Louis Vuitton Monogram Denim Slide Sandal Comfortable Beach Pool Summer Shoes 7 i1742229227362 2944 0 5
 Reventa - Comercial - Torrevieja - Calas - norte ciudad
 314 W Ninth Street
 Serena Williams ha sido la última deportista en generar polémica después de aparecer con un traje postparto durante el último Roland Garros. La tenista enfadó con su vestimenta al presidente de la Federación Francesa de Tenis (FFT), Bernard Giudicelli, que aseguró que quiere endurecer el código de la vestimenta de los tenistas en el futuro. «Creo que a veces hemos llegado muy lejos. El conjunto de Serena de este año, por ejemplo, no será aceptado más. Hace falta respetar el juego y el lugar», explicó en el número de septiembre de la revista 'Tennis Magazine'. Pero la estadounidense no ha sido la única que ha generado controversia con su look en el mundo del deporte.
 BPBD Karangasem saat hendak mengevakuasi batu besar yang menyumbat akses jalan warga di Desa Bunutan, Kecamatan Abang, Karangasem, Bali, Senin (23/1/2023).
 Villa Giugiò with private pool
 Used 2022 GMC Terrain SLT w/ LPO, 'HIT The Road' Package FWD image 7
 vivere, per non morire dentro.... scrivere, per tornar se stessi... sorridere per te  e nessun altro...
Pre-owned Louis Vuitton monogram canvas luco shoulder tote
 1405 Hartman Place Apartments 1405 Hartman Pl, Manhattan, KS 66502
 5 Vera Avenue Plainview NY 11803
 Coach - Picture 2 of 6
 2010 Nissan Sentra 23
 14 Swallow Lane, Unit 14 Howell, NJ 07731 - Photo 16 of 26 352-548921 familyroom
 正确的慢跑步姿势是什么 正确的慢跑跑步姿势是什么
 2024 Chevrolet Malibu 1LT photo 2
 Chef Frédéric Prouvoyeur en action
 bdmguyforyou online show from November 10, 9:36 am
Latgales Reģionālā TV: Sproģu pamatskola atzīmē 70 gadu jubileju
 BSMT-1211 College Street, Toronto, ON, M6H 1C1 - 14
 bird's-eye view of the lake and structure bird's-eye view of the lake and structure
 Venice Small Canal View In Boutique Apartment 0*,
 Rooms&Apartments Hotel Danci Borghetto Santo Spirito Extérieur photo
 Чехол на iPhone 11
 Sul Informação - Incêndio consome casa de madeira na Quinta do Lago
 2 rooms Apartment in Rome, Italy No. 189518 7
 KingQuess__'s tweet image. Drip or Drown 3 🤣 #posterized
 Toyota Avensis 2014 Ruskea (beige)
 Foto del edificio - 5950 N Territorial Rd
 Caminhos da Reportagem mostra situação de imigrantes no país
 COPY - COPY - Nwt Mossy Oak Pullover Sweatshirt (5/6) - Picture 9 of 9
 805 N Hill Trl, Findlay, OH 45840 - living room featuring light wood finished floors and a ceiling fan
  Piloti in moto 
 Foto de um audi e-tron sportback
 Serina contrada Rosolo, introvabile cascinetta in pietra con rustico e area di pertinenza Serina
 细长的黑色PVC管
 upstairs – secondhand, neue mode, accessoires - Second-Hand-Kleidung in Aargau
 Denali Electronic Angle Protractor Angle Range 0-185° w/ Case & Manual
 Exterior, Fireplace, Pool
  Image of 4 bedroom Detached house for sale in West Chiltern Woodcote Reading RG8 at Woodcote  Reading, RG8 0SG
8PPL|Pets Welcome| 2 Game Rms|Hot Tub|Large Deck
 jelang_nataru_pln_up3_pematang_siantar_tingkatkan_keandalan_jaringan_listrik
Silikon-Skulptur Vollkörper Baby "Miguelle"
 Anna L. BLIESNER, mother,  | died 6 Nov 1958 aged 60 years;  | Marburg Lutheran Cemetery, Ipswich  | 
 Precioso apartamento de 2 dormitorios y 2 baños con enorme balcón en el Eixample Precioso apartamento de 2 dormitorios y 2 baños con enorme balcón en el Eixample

□ □ □ □ □ □ □

Directions for this task> From the records above, copy every line that includes the word "Street".

Response box>
 314 W Ninth Street
 BSMT-1211 College Street, Toronto, ON, M6H 1C1 - 14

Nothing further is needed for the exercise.